The claimed goal here was to pressure the President to threaten a veto—over earmarks that constitute about 1% of the 410 billion dollar measure—a political tactic to expose him as a hypocrite for failing to do so since he was critical of earmarks during the campaign. His criticism, however, is more muted than John McCain’s; the latter often left the impression that his entire answer to the economic crisis was eliminating earmarks like the now iconic “Bridge to Nowhere.”

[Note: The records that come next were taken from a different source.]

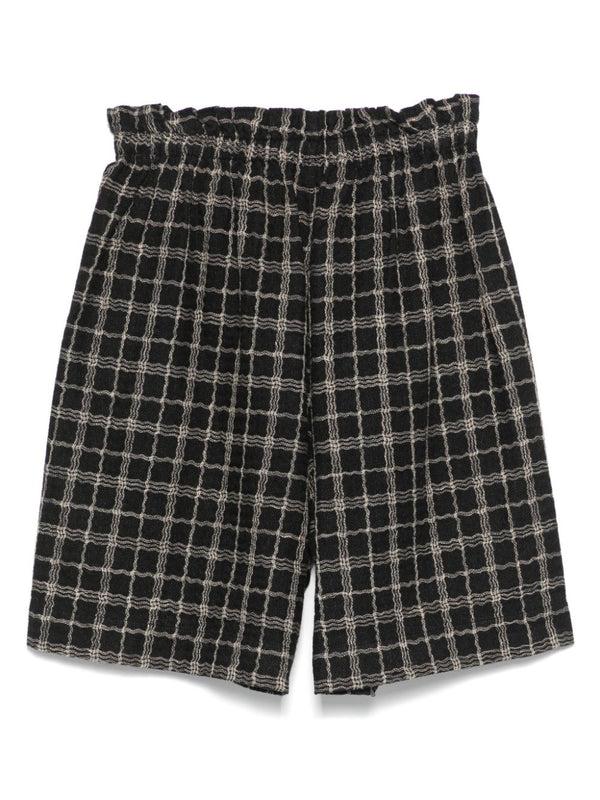 Henrik Vibskov Waybill Shorts - Black Curvy Grid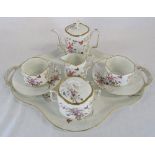 Cabaret tea service comprising of teapot, sugar bowl, jug,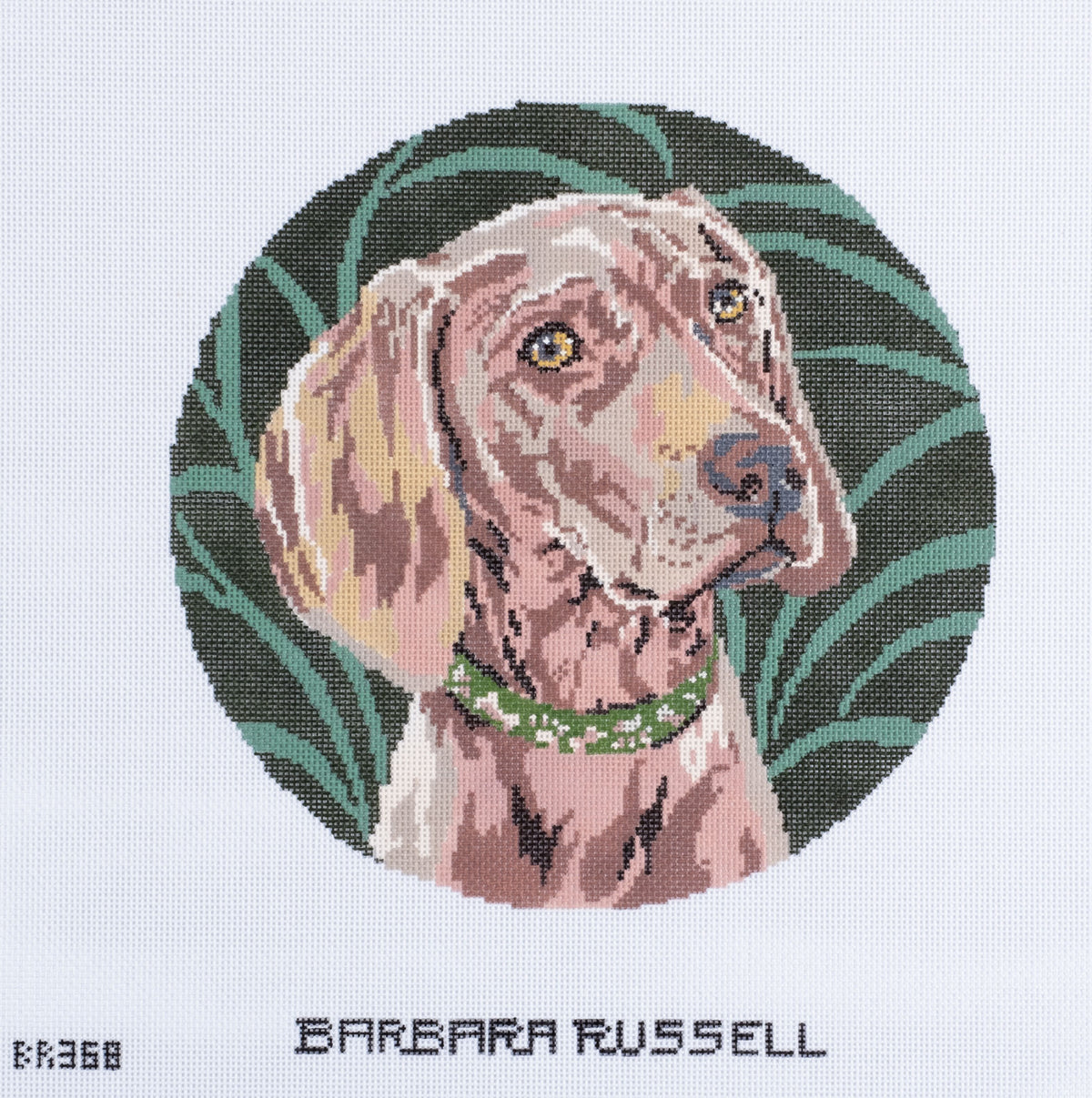 Barbara Russell Weimaraner Dog Head Round Needlepoint Canvas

Obama, of course, declined to rise to the Republican bait. For one thing, as administration officials rightly noted, the bill is last year’s business, a holdover from the final dreary and deadlocked denouement of the Bush administration. This explanation is more than a Pilate-like washing of hands. A veto would gum up the legislative gears, requiring a time consuming new effort to deal with old issues and stirring resentments that could cost the President vital support for his budget. This was never in the cards, but was the ultimate Republican aim—to slow or derail the Obama economic program.

In the midst of the greatest economic crisis since the 1930s, who other than the angry, self-righteous John McCain would pause or detour to do mortal combat with earmarks? Yet most of the press echoed the Republican line, even the New York Times, which reported the probably week-long delay in passing the bill as a Democratic “failure” and then offered up a name brand Op-Ed column that uncritically reprinted McCain’s manic twitterings.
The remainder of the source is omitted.